Although a merger clause won’t defeat the use of extraneous documents to prove a fraudulent inducement claim, the “reasonable reliance principle” forces the contracting party making the claim to prove more than Alabama previously required under the “justifiable reliance principle.” Jurisdictions employing the “justifiable reliance principle” look at whether the plaintiff justifiably relied on the representation. This principle provides a much lower threshold than the reasonable reliance principle as it only asks whether the representation was “so patently and obviously false that the [plaintiff] must have closed his eyes to avoid the discovery of the truth.”[7] Alabama’s use of the “reasonable reliance principle” affords more protection to those against whom fraudulent inducement claims are brought.

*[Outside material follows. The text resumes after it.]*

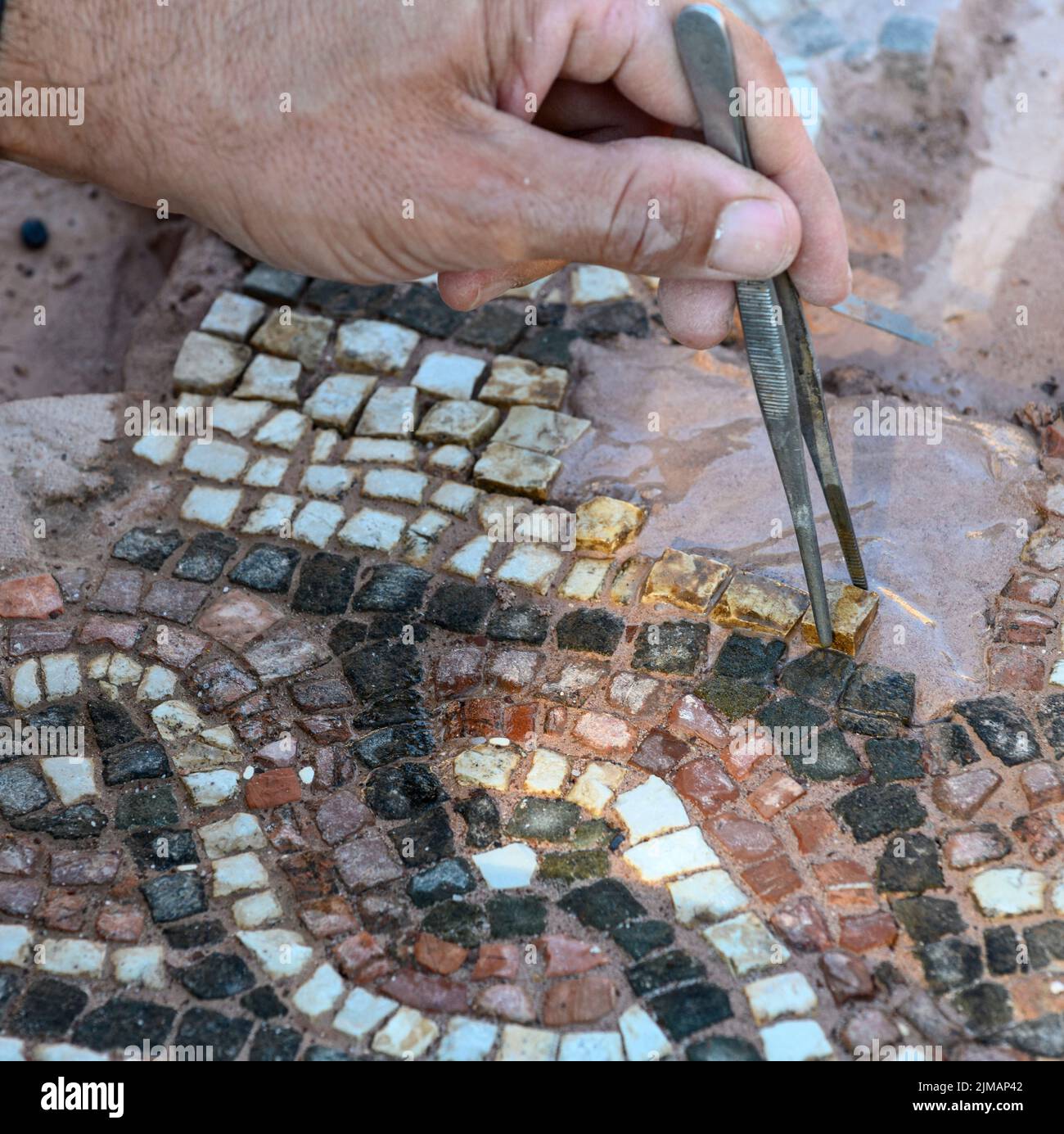 A close up view of an archaeologist restoring a mosaic floor at ancient Messene (Ithomi), Messinia, Southern Peloponnese, Greece Stock Photo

Not only can a fraudulent inducement claim be proven by materials outside the contract despite the presence of a merger clause, but the consequences of a successful fraudulent inducement claim are also greater than those for breach of contract. A party succeeding on a breach of contract claim may only recover damages caused by that breach. A successful fraudulent inducement claim may void the contract and open the losing party to money damages for the winning party’s reliance, as well as punitive damages.[8]

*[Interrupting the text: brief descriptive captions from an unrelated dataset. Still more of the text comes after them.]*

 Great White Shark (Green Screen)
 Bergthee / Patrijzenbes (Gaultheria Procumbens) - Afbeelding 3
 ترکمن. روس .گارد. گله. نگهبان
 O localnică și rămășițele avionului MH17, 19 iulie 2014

So, it is important that contracting parties not rely solely on the presence of a merger clause to create a clean record as to the parties’ relationship and transaction. To protect against potential fraudulent inducement claims, parties should disclose all material facts regarding the transaction in writing, even those that may typically not be included in a final contract. Material facts are those which are significant, important, or essential to a reasonable person in deciding whether to enter into the specific contract. In the above example, the inability to purchase the boat slip would be a material fact, as Buyer considered the ability to purchase a boat slip, once constructed, to be an important factor in determining whether to purchase the lake house. Further, if records exist that create a dispute about those material facts, those disputes should be explained, and disposed of, in a party’s disclosure of those facts. Disclosure of material facts and a clean record related to any previous dispute about those facts, along with a merger clause, should help protect a contracting party from information outside the four corners of the document being used successfully in either a fraudulent inducement or breach of contract claim.




[1] Jones v. The Village at Lake Martin, LLC, No. 2160650, 2018 WL 387912 (Ala Civ. App. Jan. 12, 2018); McCullough v. Allstate Property & Casualty Ins. Co., No. 2160497, 2018 WL 387844 (Ala. Civ. App. Oct. 27, 2017)

[2] Jones and McCullough may take a more sweeping position than previously stated, as extraneous documents have historically been disallowed to show reliance if considered to be part and parcel of the subject matter of a disputed contract that contains a merger clause. See, Alabama Elec. Coop., Inc. v. Bailey’s Construction Co, Inc., 950 So. 2d 280, 283-89 (Ala. 2006) (disallowing certificates of insurance as evidence of reasonable reliance of an additional insured when the actual insurance policies were in dispute).

[3] Capmark Bank v. RGR, LLC, 81 So.3d 1258, 1267 (Ala. 2011) (citing Reynolds Metals Co. v. Hill, 825 So.2d 100, 105 (Ala. 2002)).

[4] Auto-Owners Ins. Co. v. Abston, 822 So.2d 1187, 1196 (Ala. 2001).

[5] Torres v. State Farm Fire & Casualty Co., 438 So.2d 757 (Ala. 1983).

[6] Bedwell Lumber Co. v. T & T Corp., 386 So.2d 413, 415 (Ala. 1980).

[7] Southern States Ford, Inc. v. Proctor, 541 So.2d 1081, 1091-92 (Ala. 1989).

[8] Hobson v. American Cast Iron Pipe Co., 690 So.2d 341, 344-45 (Ala. 1997).